| Task to carry out |
An exact transcription of the lines below, from the first through the one containing "楽天市場】ROLEX【ロレックス】 126333NG デイトジャスト41 オイスター", is the only output wanted.
---------- Provided records ----------
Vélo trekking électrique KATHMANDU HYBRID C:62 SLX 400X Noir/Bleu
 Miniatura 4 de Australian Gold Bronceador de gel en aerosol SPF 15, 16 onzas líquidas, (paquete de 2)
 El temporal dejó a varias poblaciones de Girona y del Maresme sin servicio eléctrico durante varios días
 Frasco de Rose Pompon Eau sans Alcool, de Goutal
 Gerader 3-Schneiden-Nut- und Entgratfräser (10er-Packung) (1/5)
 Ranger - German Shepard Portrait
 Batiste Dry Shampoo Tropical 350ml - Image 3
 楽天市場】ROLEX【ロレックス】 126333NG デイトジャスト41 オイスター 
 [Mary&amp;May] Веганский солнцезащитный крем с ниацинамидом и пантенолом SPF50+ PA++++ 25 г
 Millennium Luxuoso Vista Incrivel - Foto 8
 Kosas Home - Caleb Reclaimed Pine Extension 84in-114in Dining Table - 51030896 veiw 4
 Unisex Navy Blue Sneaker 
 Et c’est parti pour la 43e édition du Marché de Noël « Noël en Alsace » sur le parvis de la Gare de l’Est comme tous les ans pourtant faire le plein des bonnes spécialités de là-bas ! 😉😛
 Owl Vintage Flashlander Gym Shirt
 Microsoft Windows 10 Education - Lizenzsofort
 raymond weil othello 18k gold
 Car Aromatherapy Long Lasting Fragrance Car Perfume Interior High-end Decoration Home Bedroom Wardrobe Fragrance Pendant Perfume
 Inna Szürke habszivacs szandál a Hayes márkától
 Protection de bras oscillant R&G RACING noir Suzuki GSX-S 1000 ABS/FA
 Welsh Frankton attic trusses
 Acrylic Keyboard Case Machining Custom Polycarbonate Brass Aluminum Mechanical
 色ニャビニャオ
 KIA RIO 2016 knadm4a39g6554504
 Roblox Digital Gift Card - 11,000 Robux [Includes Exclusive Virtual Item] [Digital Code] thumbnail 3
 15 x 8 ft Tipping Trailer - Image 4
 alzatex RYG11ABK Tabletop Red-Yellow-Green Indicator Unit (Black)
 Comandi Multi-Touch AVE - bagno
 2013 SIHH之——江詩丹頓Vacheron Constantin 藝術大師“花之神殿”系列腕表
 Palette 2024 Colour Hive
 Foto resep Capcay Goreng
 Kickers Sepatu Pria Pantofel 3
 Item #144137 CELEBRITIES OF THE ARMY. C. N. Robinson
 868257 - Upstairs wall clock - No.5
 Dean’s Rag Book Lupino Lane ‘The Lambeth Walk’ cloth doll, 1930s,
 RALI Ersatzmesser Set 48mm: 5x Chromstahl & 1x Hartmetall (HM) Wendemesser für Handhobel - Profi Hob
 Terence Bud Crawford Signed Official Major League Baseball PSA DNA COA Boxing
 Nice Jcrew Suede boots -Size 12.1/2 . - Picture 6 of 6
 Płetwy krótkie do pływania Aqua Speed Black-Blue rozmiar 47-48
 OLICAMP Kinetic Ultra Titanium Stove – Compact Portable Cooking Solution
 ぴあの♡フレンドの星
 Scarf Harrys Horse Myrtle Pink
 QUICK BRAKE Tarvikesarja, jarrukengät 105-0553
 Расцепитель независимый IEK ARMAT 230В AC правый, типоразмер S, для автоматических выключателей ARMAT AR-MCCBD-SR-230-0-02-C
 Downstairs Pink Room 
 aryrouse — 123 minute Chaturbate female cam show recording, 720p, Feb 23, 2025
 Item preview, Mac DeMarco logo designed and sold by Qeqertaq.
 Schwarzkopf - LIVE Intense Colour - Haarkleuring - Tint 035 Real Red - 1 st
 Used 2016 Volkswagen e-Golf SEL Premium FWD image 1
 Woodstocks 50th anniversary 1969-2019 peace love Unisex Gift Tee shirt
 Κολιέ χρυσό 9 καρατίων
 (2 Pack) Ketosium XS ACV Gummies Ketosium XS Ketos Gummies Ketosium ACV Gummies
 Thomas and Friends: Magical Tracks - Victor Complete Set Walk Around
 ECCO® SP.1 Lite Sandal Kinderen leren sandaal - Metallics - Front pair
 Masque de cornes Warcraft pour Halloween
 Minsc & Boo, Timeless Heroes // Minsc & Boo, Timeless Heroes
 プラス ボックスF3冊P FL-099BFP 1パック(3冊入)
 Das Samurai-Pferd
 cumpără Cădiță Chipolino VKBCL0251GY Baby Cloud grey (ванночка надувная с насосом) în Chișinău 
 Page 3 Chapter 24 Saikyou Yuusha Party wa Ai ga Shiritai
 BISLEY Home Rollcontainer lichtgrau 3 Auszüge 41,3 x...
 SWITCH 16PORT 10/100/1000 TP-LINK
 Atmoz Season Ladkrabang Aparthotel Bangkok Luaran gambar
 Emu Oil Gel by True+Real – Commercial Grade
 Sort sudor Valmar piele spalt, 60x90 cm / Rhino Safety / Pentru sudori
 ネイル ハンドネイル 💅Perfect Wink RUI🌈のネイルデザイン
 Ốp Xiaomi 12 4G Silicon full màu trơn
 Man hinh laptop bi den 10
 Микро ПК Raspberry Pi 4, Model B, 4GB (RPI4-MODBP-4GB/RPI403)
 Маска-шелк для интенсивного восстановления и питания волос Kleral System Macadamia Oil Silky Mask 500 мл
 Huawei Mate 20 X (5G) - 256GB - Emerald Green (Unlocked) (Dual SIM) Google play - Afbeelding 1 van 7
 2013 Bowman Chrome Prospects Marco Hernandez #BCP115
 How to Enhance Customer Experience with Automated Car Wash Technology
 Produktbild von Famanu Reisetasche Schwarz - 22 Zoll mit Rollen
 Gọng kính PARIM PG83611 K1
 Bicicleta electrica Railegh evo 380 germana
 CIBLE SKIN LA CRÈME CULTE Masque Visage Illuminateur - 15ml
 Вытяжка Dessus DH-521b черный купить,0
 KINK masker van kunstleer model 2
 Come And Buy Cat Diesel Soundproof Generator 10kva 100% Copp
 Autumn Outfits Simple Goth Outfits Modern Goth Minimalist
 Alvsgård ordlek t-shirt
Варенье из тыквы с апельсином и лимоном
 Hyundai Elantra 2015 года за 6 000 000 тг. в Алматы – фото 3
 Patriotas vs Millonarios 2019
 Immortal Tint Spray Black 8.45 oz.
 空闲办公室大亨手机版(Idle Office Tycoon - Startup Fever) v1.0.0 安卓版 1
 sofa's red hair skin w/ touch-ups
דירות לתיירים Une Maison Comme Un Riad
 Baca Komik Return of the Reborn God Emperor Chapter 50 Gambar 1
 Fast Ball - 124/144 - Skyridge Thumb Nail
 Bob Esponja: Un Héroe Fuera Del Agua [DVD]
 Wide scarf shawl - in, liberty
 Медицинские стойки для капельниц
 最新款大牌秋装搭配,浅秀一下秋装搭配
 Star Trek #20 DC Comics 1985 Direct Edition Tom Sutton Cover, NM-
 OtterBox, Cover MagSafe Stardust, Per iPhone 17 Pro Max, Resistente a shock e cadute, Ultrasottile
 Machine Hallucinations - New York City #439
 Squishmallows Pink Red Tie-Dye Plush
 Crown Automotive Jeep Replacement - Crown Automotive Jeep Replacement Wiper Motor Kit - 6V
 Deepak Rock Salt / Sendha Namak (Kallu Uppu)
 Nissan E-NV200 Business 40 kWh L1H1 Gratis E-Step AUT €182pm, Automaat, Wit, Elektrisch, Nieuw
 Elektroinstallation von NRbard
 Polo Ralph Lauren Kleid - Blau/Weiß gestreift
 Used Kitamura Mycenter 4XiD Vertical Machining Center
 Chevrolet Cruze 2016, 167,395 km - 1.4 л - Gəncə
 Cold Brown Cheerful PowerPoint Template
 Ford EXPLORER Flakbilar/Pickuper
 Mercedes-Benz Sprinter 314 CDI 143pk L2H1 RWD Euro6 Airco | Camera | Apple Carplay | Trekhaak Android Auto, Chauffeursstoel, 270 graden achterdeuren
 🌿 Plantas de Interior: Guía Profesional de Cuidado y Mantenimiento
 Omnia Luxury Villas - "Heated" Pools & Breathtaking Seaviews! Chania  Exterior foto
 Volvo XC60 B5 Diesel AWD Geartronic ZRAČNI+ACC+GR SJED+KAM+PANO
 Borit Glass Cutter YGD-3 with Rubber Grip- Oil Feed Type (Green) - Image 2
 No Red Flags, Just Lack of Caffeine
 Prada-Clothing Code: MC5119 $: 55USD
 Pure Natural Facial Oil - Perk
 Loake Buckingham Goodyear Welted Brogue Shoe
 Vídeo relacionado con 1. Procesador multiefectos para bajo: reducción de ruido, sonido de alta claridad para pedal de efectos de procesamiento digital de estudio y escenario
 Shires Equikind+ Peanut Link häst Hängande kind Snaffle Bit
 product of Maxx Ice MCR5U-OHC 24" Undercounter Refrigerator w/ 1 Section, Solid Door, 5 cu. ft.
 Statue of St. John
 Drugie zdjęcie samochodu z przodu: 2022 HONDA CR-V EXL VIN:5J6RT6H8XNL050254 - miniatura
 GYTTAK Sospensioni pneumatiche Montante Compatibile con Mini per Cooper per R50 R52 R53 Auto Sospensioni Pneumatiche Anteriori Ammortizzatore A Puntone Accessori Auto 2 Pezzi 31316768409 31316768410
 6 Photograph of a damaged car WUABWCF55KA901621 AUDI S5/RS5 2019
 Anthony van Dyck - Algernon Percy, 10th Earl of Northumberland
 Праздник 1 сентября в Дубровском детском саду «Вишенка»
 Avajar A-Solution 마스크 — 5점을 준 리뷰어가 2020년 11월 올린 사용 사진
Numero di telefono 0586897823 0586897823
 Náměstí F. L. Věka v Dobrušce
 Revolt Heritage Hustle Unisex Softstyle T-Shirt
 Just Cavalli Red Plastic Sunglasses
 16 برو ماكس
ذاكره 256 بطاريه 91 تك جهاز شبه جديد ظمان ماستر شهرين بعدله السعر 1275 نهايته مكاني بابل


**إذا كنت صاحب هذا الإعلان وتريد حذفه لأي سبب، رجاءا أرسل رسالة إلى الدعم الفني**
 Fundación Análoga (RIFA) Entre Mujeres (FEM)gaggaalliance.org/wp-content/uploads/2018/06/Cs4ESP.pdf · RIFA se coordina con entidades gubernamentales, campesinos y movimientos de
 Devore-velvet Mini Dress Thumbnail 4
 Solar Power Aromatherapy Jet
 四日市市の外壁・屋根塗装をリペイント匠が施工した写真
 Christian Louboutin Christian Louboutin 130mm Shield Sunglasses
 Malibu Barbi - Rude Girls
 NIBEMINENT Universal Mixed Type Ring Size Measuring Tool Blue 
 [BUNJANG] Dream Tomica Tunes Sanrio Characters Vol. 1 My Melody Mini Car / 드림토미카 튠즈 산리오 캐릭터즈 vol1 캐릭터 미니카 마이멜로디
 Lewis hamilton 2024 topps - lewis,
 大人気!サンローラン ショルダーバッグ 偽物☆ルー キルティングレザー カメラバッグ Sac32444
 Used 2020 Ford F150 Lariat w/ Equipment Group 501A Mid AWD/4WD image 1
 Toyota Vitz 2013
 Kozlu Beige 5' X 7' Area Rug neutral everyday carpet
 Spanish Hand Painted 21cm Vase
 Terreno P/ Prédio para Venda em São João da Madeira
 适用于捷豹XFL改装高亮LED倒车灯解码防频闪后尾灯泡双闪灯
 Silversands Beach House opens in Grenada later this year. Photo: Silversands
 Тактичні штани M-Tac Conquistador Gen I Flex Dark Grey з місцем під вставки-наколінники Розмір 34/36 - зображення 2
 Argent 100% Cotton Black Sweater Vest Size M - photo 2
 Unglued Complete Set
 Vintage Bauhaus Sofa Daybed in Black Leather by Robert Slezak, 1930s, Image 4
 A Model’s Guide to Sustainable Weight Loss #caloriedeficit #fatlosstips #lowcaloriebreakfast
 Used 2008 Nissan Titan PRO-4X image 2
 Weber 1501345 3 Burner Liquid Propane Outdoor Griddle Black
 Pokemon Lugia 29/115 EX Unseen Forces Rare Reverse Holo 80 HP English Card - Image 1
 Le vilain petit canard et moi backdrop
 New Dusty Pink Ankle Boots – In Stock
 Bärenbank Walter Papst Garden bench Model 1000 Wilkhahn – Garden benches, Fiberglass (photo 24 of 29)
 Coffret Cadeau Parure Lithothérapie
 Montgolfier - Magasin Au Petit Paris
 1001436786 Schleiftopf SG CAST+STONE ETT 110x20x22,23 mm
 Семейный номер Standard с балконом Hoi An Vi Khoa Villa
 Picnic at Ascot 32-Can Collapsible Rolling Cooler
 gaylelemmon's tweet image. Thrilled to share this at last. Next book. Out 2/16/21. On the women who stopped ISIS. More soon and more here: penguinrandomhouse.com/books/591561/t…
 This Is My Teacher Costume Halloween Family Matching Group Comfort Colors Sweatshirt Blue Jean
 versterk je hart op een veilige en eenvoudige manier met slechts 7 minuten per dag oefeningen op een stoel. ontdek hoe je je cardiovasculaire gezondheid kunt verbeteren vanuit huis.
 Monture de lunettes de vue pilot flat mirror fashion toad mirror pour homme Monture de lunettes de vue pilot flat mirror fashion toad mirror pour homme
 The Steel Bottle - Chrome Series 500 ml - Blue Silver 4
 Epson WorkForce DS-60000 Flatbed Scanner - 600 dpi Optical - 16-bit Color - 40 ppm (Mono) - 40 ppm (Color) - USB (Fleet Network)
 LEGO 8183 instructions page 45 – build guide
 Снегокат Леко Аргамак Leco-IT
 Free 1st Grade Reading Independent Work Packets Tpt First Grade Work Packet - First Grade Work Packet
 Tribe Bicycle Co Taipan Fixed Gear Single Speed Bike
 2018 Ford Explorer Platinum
----------
| Result of the exercise |
Vélo trekking électrique KATHMANDU HYBRID C:62 SLX 400X Noir/Bleu
 Miniatura 4 de Australian Gold Bronceador de gel en aerosol SPF 15, 16 onzas líquidas, (paquete de 2)
 El temporal dejó a varias poblaciones de Girona y del Maresme sin servicio eléctrico durante varios días
 Frasco de Rose Pompon Eau sans Alcool, de Goutal
 Gerader 3-Schneiden-Nut- und Entgratfräser (10er-Packung) (1/5)
 Ranger - German Shepard Portrait
 Batiste Dry Shampoo Tropical 350ml - Image 3
 楽天市場】ROLEX【ロレックス】 126333NG デイトジャスト41 オイスター 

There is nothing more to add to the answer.